The task:
Word for word, write the lines below out again, with no pictures.
··· Data ···
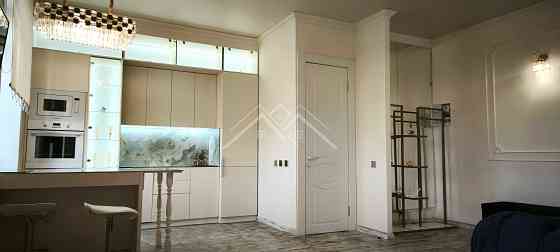 Продаж просторої 3-кімнатної Сталінки в Центрі Міста Кривой Рог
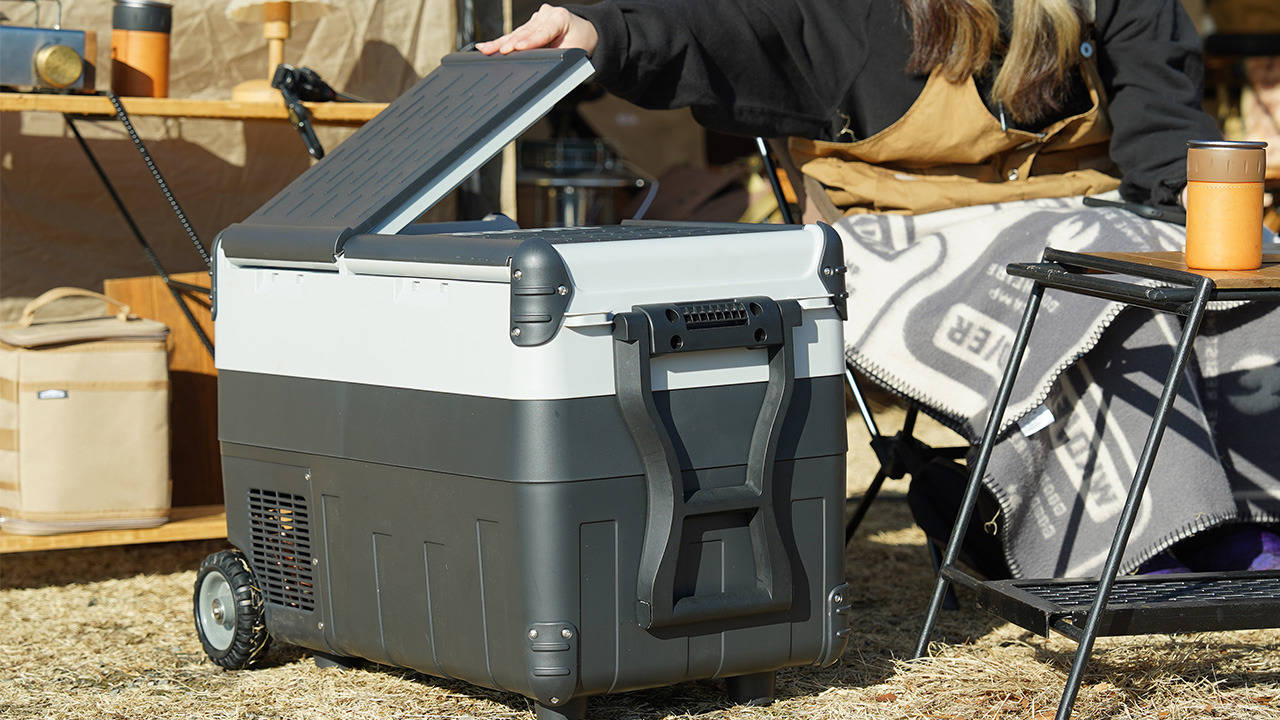 THORR ポータブル冷蔵庫　オリーブ＆ダークグレー 30L Amazon | THORR ポータブル冷蔵庫 車載冷蔵庫 30L 【バッテリー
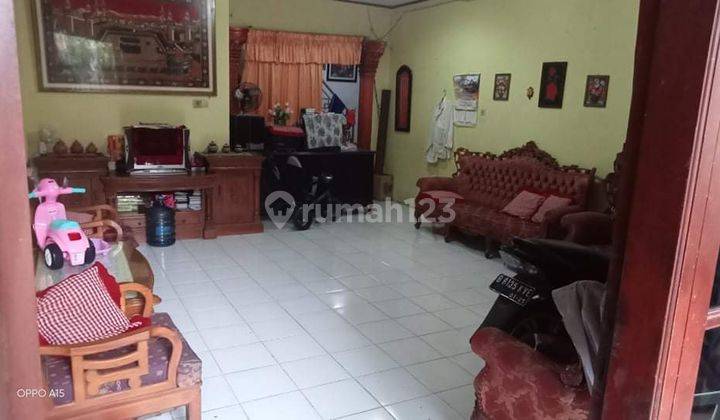 Rumah Modern 2 lantai dengan luas bangunan 200 m 3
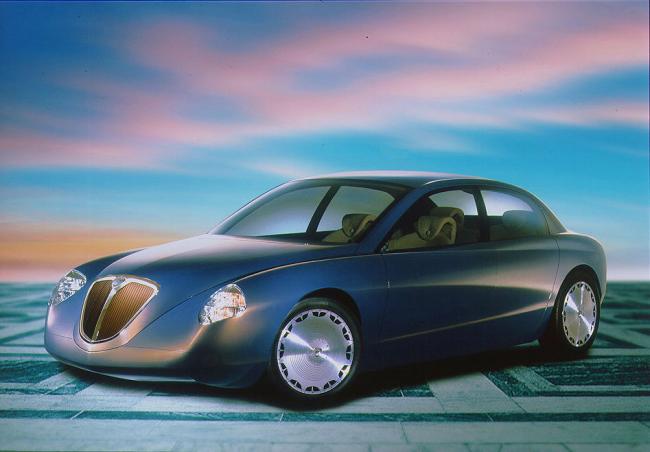 Lancia thesis 2005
···
Exercise result:
 Продаж просторої 3-кімнатної Сталінки в Центрі Міста Кривой Рог
 THORR ポータブル冷蔵庫　オリーブ＆ダークグレー 30L Amazon | THORR ポータブル冷蔵庫 車載冷蔵庫 30L 【バッテリー
 Rumah Modern 2 lantai dengan luas bangunan 200 m 3
 Lancia thesis 2005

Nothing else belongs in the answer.